Compressor diaphragm assembly

A compressor diaphragm assembly for combustion turbines includes a plurality of vane airfoils, each of which is formed with an integral inner shroud and an integral outer shroud, joined together by connecting bars which transfer loads between the vane airfoils and the casing slots of the turbine within which the vane airfoils are suspended.

CROSS REFERENCE TO RELATED APPLICATIONS 
This application is related to a similarly-entitled application, Ser. No. 
226,705, filed Aug. 1, 1988, now U.S. Pat. No. 4,889,470 by the inventor 
herein, assigned to the assignee of the present invention, and 
incorporated herein by reference. 
BACKGROUND OF THE INVENTION 
1. Field of the Invention 
This invention relates generally to combustion or gas turbines, and more 
particularly to the compressor diaphragm assemblies that are typically 
used in such turbines. 
2. Statement of the Prior Art 
Over two-thirds of large, industrial combustion turbines (which are also 
sometimes referred to as "gas turbines") are in electric-generating use. 
Since they are well suited for automation and remote control, combustion 
turbines are primarily used by electric utility companies for peak-load 
duty. Where additional capacity is needed quickly, where refined fuel is 
available at low cost, or where the turbine exhaust energy can be 
utilized, however, combustion turbines are also used for base-load 
electric generation. 
In the electric-generating environment, a typical combustion turbine is 
comprised generally of four basic portions: (1) an inlet portion; (2) a 
compressor portion; (3) a combustor portion; and (4) an exhaust portion. 
Air entering the combustion turbine at its inlet portion is compressed 
adiabatically in the compressor portion, and is mixed with a fuel and 
heated at a constant pressure in the combustor portion, thereafter being 
discharged through the exhaust portion with a resulting adiabatic 
expansion of the gases completing the basic combustion turbine cycle which 
is generally referred to as the Brayton, or Joule, cycle. 
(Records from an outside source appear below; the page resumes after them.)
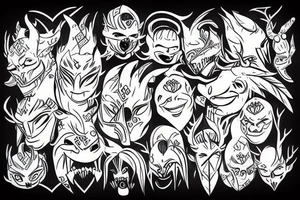 Frozen Heart wearing Oni Mask tattoo idea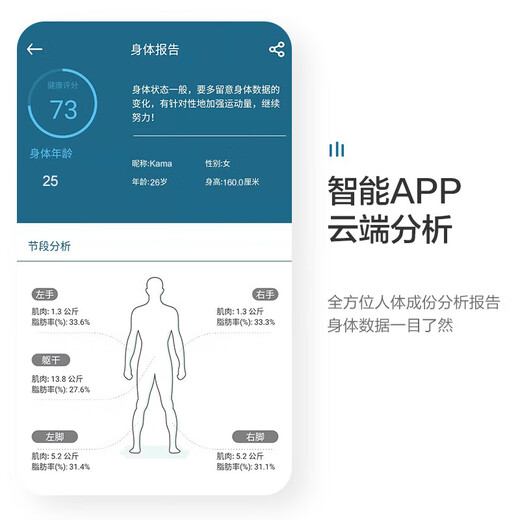 香山八电极体脂秤 体重秤电子秤人体家用称重体重计 多项身体数据监测 纯白-八电极精准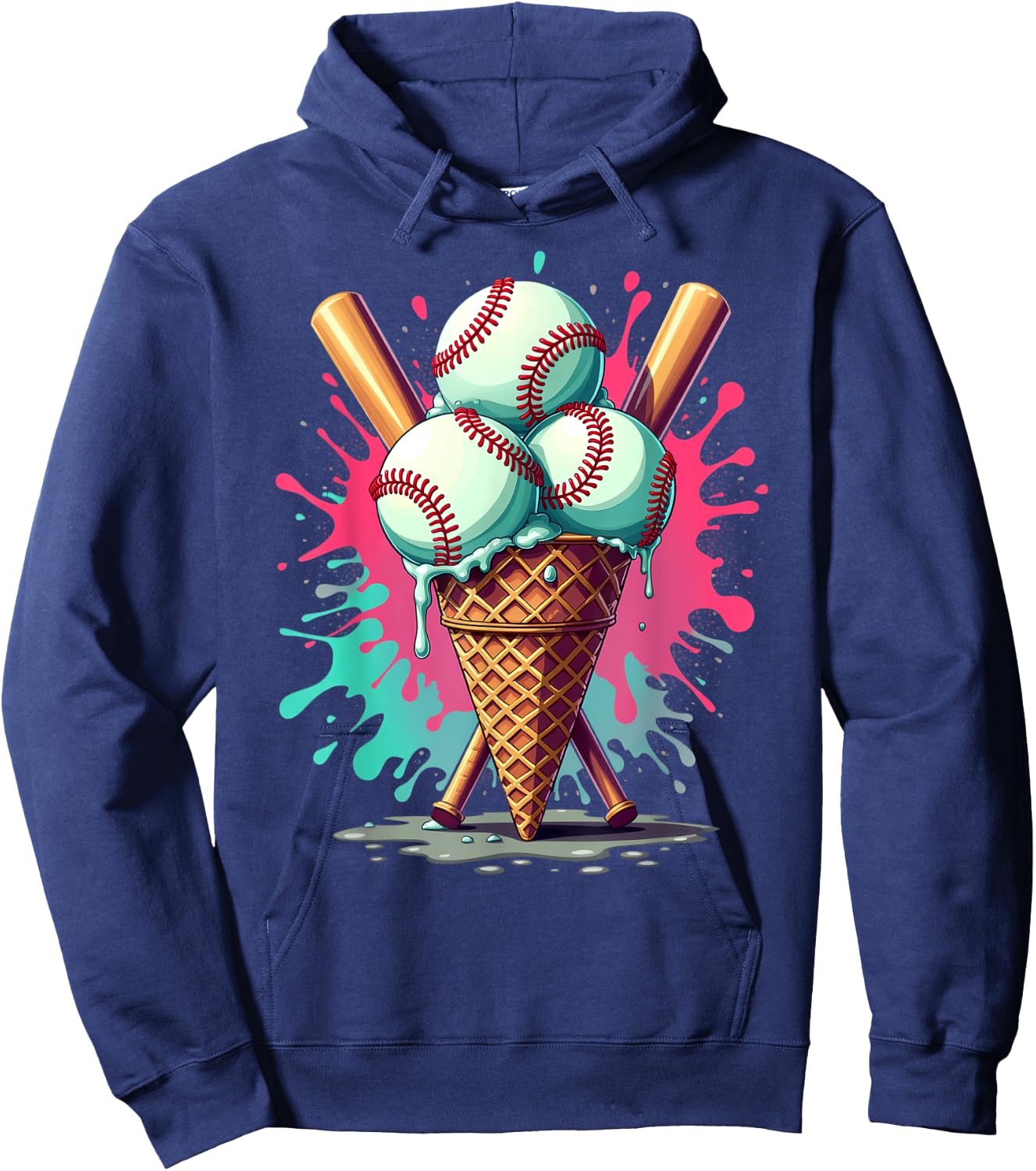 Baseball Ice Cream Watercolor Sports Lover Ice Cream Cone Hoodie - Hoodie | Navy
As is well known, the net output of a conventional combustion turbine is 
the difference between the power it produces and the power absorbed by the 
compressor portion. Typically, about two-thirds of combustion turbine 
power is used to drive its compressor portion. Overall performance of the 
combustion turbine is, thus, very sensitive to the efficiency of its 
compressor portion. In order to ensure that a highly efficient, high 
pressure ratio is maintained, most compressor portions are of an axial 
flow configuration having a rotor with a plurality of rotating blades, 
axially disposed along a shaft, interspersed with a plurality of 
inner-shrouded stationary vanes providing a diaphragm assembly with 
stepped labyrinth interstage seals. 
A significant problem of fatigue cracking in the airfoil portion of 
inner-shrouded vanes exists, however, due to conventionally used methods 
of manufacturing such vanes. For example, in either of the rolled or 
forged methods used by the manufacturers of most compressor diaphragm 
assemblies, a welding process is used to join the vane airfoils to their 
respective inner and outer shrouds, such process resulting in a 
"heat-affected zone" at each weld joint. Crack initiation due to fatigue, 
it has been found, more often than not occurs at such heat-affected zones. 
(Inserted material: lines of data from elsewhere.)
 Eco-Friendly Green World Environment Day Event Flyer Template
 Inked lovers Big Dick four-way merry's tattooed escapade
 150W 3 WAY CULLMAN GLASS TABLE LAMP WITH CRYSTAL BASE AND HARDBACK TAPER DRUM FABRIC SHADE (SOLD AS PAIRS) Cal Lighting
Therefore, it would be desirable not only to provide an improved 
compressor diaphragm assembly that would be resistant to fatigue cracking, 
but also to provide a method of fabricating such assemblies that would 
minimize processes which produce heat-affected zones. 
The problems associated with fatigue cracking are not, however, resolved 
merely by eliminating those manufacturing processes that produce 
heat-affected zones. That is, it is well known that certain 
forged-manufactured vane airfoils, even after having been subjected to 
careful stress relief which reduces the effects of their heat-affected 
zones, can experience a fatigue cracking problem. It is, therefore, 
readily apparent that not only static, but also dynamic stimuli within the 
combustion turbine contribute to the problem of fatigue cracking. 
Forces that act upon the inner shroud and seal of a compressor diaphragm 
assembly are due, primarily, to seal pressure drop. Those forces, as well 
as aerodynamic forces acting normally and tangentially upon, and 
distributed over the surfaces of the vane airfoil, each contribute to the 
generation of other forces and moments that are transferred to the outer 
shroud, and subsequently to the casing of the combustion turbine via the 
weld joints which attach the vane airfoil to the outer shroud. 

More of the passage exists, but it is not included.